* **The task**: If a line in the data holds "Flower", copy that line out in full.

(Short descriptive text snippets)
•••••

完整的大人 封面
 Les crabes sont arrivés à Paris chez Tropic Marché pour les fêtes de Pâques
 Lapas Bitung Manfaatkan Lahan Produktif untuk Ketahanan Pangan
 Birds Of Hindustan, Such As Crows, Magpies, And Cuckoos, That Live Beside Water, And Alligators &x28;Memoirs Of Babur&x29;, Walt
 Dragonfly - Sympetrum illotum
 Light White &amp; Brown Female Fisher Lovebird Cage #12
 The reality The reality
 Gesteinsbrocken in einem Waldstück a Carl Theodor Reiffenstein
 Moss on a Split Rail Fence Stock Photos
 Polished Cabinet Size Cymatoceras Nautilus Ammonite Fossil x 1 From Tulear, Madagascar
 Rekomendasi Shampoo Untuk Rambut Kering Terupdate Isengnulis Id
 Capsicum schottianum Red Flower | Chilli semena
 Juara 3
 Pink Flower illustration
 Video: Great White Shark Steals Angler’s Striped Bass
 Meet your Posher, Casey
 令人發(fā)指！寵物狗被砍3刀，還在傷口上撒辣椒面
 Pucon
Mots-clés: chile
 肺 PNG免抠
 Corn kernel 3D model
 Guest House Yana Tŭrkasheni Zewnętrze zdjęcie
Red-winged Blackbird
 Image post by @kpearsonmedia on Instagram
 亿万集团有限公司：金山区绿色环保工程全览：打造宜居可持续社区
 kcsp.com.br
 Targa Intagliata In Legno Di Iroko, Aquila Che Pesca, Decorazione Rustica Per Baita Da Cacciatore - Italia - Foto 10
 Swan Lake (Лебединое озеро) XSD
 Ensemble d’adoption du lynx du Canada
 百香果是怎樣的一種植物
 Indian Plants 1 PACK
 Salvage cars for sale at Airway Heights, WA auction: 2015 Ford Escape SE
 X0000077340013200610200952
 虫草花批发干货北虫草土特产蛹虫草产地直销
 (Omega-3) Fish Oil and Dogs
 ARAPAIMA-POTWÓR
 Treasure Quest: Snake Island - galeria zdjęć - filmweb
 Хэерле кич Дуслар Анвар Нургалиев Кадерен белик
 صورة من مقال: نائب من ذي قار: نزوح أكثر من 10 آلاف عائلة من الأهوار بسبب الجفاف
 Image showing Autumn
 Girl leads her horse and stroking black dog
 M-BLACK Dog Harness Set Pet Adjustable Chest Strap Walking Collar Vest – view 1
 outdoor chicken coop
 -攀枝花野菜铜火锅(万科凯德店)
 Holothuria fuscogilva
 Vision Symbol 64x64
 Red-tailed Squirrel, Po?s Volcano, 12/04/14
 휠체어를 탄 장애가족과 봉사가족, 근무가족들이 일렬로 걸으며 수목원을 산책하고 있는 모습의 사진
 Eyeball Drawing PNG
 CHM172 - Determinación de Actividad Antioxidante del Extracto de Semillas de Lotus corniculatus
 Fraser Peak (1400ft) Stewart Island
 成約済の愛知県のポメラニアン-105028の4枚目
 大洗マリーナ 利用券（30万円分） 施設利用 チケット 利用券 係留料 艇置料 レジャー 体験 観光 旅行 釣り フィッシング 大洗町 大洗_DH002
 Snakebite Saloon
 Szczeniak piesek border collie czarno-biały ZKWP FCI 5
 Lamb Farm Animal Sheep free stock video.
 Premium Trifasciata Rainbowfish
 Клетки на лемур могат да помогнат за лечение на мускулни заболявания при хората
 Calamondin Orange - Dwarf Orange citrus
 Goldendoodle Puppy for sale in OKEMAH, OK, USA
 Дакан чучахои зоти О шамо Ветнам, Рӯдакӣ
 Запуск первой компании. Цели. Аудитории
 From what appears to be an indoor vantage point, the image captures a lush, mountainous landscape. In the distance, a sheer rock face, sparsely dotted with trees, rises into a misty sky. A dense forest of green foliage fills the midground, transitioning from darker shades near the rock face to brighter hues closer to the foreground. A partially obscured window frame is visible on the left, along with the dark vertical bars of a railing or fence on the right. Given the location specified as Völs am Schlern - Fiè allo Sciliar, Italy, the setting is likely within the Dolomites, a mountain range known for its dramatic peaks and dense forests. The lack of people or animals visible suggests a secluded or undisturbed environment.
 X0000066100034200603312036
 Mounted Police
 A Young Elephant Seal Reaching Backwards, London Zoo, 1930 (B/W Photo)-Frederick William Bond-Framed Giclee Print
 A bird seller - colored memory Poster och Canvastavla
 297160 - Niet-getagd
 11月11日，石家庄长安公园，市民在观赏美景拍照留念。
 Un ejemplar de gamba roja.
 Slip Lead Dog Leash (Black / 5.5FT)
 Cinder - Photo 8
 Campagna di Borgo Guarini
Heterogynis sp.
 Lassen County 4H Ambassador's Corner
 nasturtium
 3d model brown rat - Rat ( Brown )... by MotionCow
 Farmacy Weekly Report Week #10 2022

•••••

* **Problem solution**:
 Capsicum schottianum Red Flower | Chilli semena
 Pink Flower illustration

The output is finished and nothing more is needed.